I need to replace the trunk-mounted trunk release switch on my 2014 Diesel. Seems like it should be an easy job, but locating the part has become a bit challenging. The Dorman Part Number 901-166 replacement switch is labeled at most sites with the note "without rear parking camera." I'm not sure why it would be different, but the note seems pretty consistent from site to site, and the Dorman switch is the only one I have been able to locate. 

Has anybody replaced the trunk-mounted trunk release button on their Cruze with the back up camera, and if so what part number did you use? Does anyone know the OEM part number for the switch on a vehicle with a back-up camera or an aftermarket part that is labeled for use with the camera?


----------



## ChevyGuy (Dec 13, 2014)

That's a good one. I wouldn't think the Diesel would be that different from a 2LT, but I'm not finding any switch on my go-to place at GM Parts Direct.
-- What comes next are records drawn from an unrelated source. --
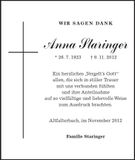 Traueranzeige Anna Staringer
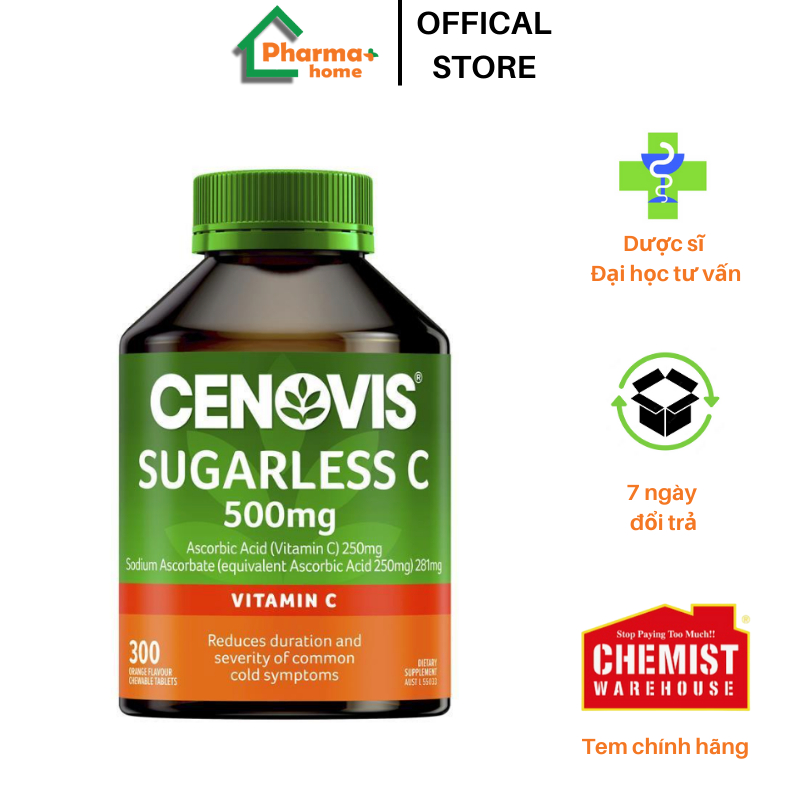 Viên nhai Cenovis Vitamin C không đường, 500 viên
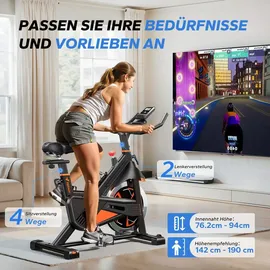 Merach Leises Magnetischer Heimtrainer, Fitnessbike für Zuhause mit Lcd, Tablet-Halter, 0–100 % Widerstand, bis 180 Kg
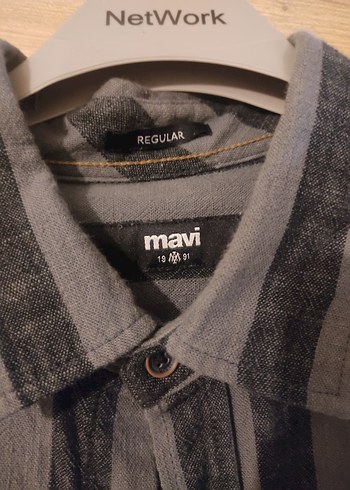 Mavi Jeans Gri Çizgili Keten Erkek Gömlek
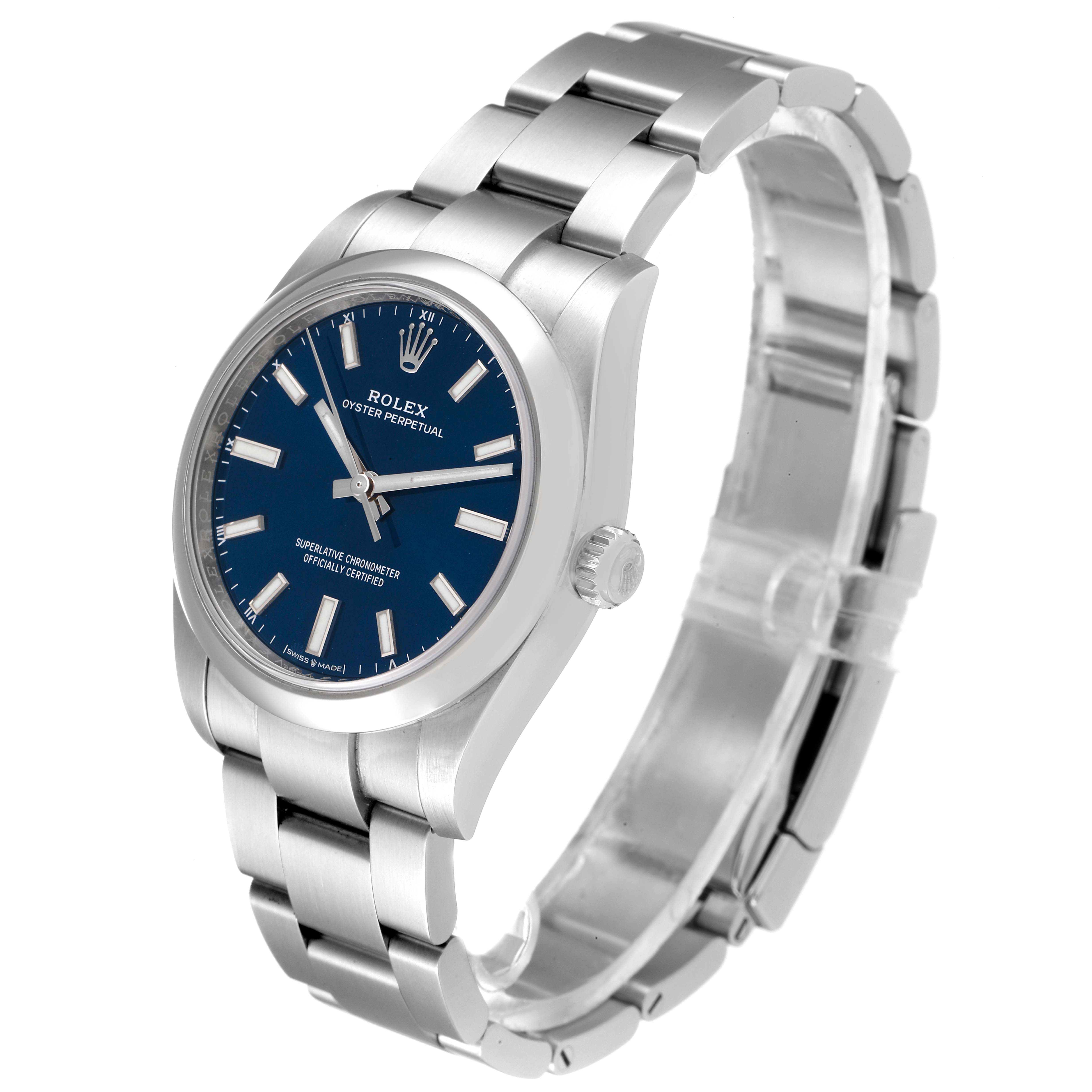 The image shows a Rolex Oyster Perpetual 124200 Men
s Stainless Steel Blue Dial 124200 Men
s Stainless Steel Blue Dial watch at a slight angle, highlighting the face, crown, and bracelet.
I'd think the only difference in the switch between camera and non-camera would be the harness connector.


----------



## Merc6 (Jun 8, 2013)

Is the part just the button or whole assembly?


----------



## revjpeterson (Oct 2, 2013)

Merc6 said:


> Is the part just the button or whole assembly?
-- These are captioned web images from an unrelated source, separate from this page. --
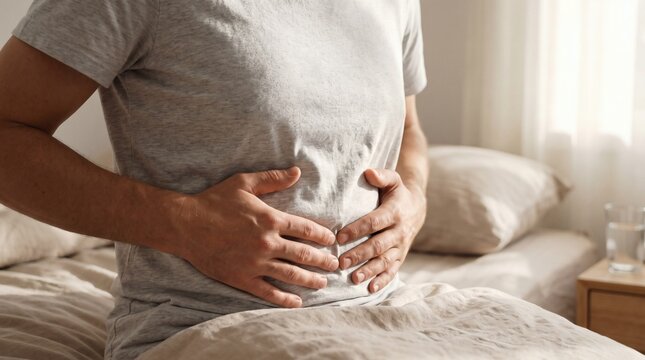 Man in grey t-shirt lying in domestic bed clutching painful abdomen suffering severe stomach cramps. Sick person experiencing acute gastroenteritis indigestion and gastrointestinal distress.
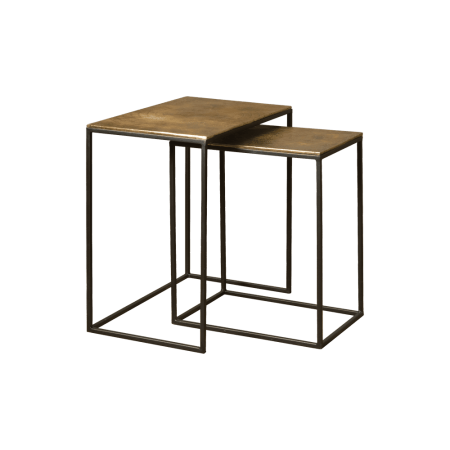 RENEW Bijzettafel 'Jos' Set van 2 stuks, kleur Antique Brass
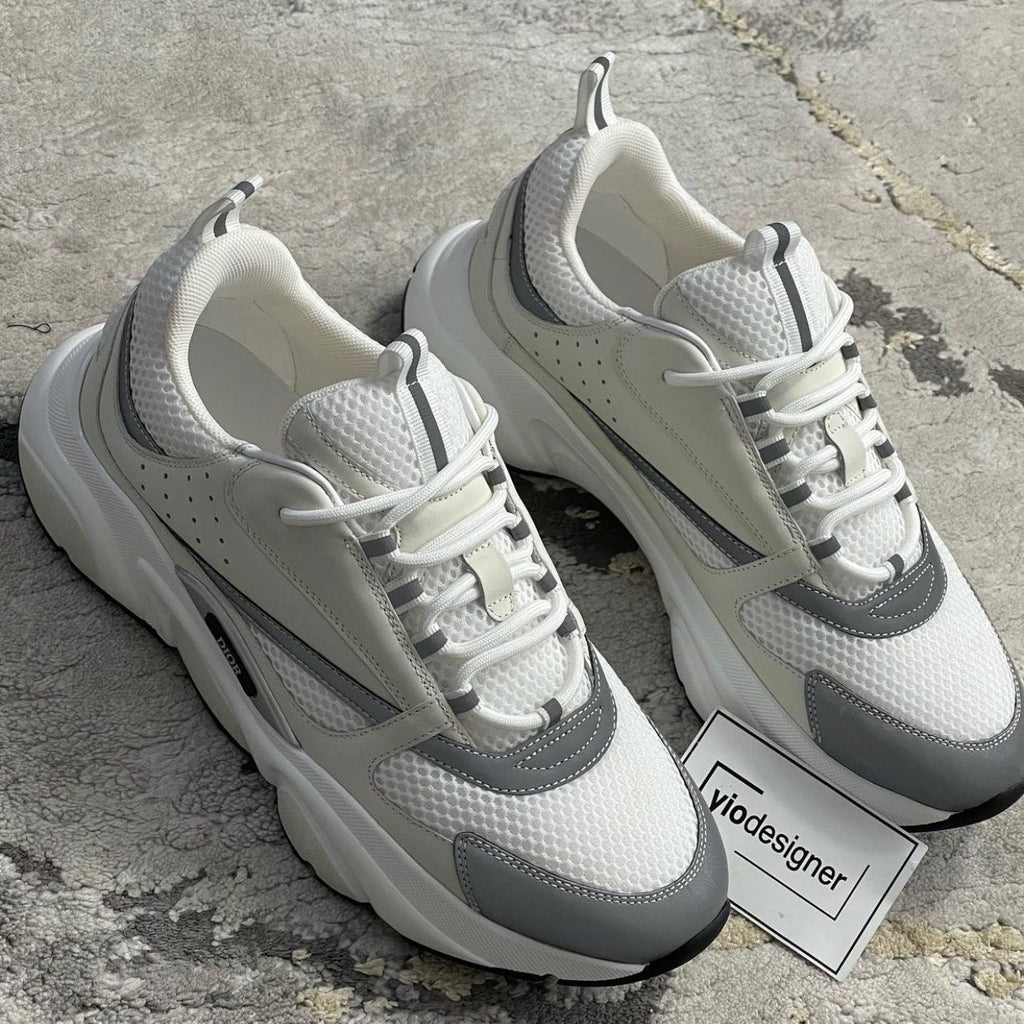 Dior B22 White & Silver-Tone Mesh Trainers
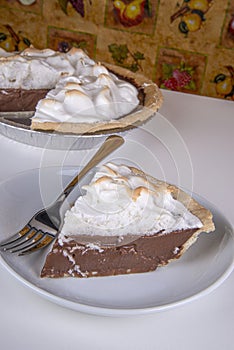 Homemade chocolate meringue pie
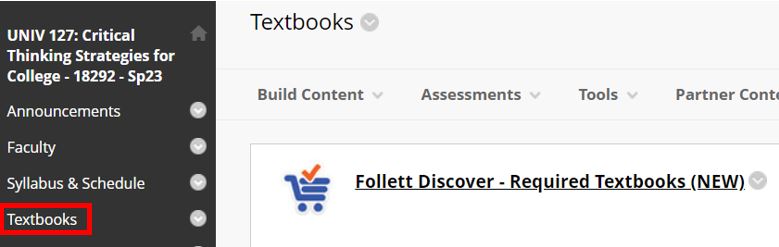 Follette Discover - Required Textbooks link in Blackboard
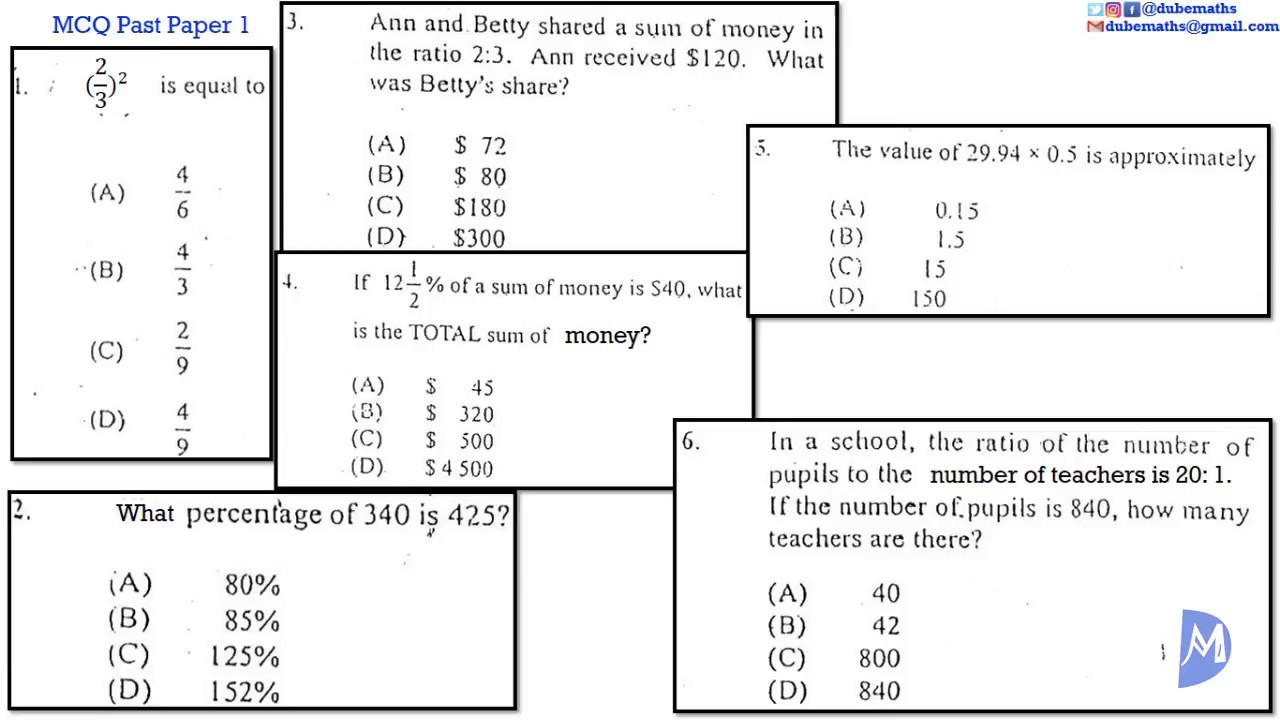 Multiple Choice 1 | 1,2,3,4,5&6 | CXC CSEC Mathematics | Computation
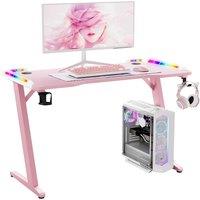 KEEPREAPER Stylish Computer Gaming Desk With LED Lights & Cup Holder in Pink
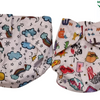 Cloth Diaper for Babies, two white fabric garments printed with colorful cartoon patterns and white snap buttons
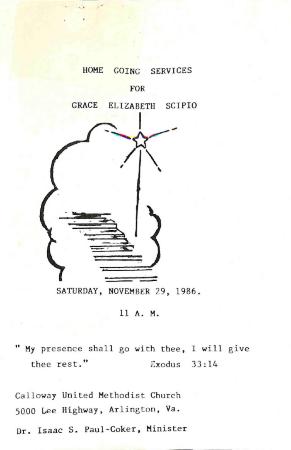 Funeral Program for Grace Scipio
I haven't disassembled it yet to find out. Hoping to have the part in hand rather than take it apart twice.


----------



## MP81 (Jul 20, 2015)

I'll be following this - our switch hasn't worked for a good few months now.


----------



## pandrad61 (Jul 8, 2015)

Ill ask parts department for a gm #... THEY REQUESTED A VIN SO WE CAN GET A EXACT MATCH


----------



## 96zed28 (Sep 8, 2014)

My brother has a 2012 and I'm also doing some research on this switch. But as a side note, isn't your 2014 still under warranty?


----------



## revjpeterson (Oct 2, 2013)

96zed28 said:


> My brother has a 2012 and I'm also doing some research on this switch. But as a side note, isn't your 2014 still under warranty?


Only Powertrain. Bumper-to-Bumper ran out 25,000 miles ago.


----------



## revjpeterson (Oct 2, 2013)

For the benefit of others who might seek this thread out for information. I received the following part numbers from another member in a private message: 

95270498 - OEM part for trunk switch harness WITH backup camera. Includes license plate lights, switch, and (lighting, switch, and camera) connectors as one assembly.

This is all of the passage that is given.